After winning Best Project under 1500sqm at last night’s BCO South of England and South Wales Awards, Lead interior designer, Kasia Jemiol, tells us about the unenviable task of designing a workplace for a building full of architects. Who are also your colleagues. With your chairman as client.
So Kasia, how do you feel after winning the BCO award last night?
I feel very privileged to have been given the chance to work on Prom House. The award reassures me that pushing boundaries in design is always worth it. I am ready for a new challenge!
Can you tell us about the refurb?
We had outgrown our current space. The final two solutions were to leave and find a new home, or refurbish Promenade House and change the way we work.
Always up for a challenge, we chose the latter.
When the project started, we had an office design specialist in our interiors team that was asked to come up with the concept. I remember telling him how happy I was that it wasn’t me… That backfired. When it didn’t work out with him, I was asked to provide something a bit more ‘Stride Treglown’.

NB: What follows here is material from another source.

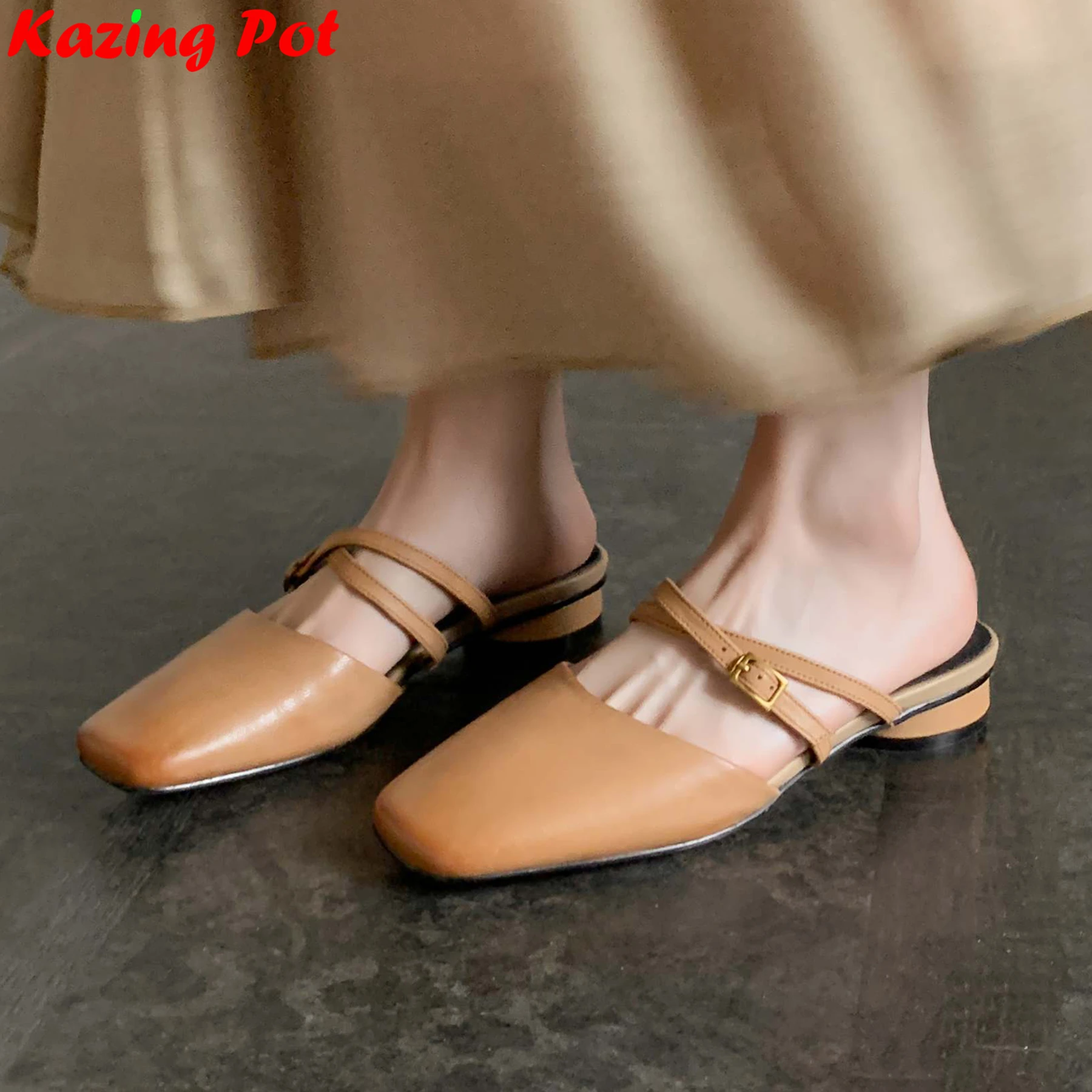 Krazing Pot Sheepskin Slingback Low Heels Summer Shoes Outside Slippers Casual Dating Elegant Mules Dress Slip On Women Pumps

What’s been the biggest challenge?
The most daunting thing was designing something that worked for 100 architects, designers, planners and so on. Who are also your colleagues, and your chairman as client. It needed to be done in such a way that nobody would question it. They would understand the design rationale straight away. A good project will always defend itself.
I knew that the concept needed to reflect our personality, but portray that within the beautiful old building that we have. How can we make use of such a special space? How can we emphasise it?
What’s the rational behind the design?
We looked at who we are as a practice and wanted to create a space that said ‘creative, contemporary design practice’ and came up with the concept: heritage meets simplicity.
The solution is quite understated. Not too shouty. Limited finishes. There are drawing boards, creative spaces, tea points, lots of little zones for people to work in, meet in, and design in. Not like a funky Google office, but an archetypal architecture studio. We wanted the design to flow through the building, so it all feels like one.
We’ve kept the number of finishes to a minimum. Plywood, timber, rubber. We basically built everything bespoke with ply. Kitchens, peg boards, shelving, reception desk. It’s almost like kids playing with building blocks.
The lighting is simple and contemporary, with good quality workstation lights and feature lights to emphasise the building features – the alcoves, cornices and architraves.
The wall colour took a few tries (ten I think), the paint in the studios is Snowdown White, it’s quite serene. We play with colour in the front of house, paying homage to the heritage of the building.
Are there any restrictions?
Obviously, like any project, there are restrictions. Financial, time, space. So it was about being smart, about being sensible. We couldn’t put timber everywhere. For example, by using the same standard carpet tiles, it reduces cost, but also helps create that flow through the building.
There’s a lot of bespoke furniture, but because it’s plywood, it isn’t a huge price difference from off-the-shelf products and again, creates that uniformity.
Obviously we needed a new way or working to fit everybody in, how do you accommodate that?
Flexible working needs flexible spaces, so we needed to create nice spaces away from the desks. Like we have the high tables, you can stretch your legs and work there, meet at the tea points, present and review ideas at the display boards. We are trying to create little zones for different opportunities to meet.
I think the main challenge is to mentally re-adjust, not to have loads of stuff, not to cling onto your space. The tricky bit is obviously, people like their stuff! We have so many physical samples, just look at my desk, there’s plants, tiles, bricks, rubber, carpet, everything. You should photograph it, it would make a great project.
How does it compare to a normal client project?
Sometimes when you are on site, things are so obvious, you know there and then what you want. The harder things you go back and draw, see how it fits, play around with things.
Unlike other client jobs though, I’m on site the whole time. I start my day walking in the space, ask the contractor if they’re happy, see if there are any questions. It depends on people, some might want to stay away and just be there if there’s a problem.
It’s definitely an emotionally hard project because it’s for your employer, so every mistake or problem feels magnified. But I feel like I’m more confident, thick-skinned. I know the concept will work.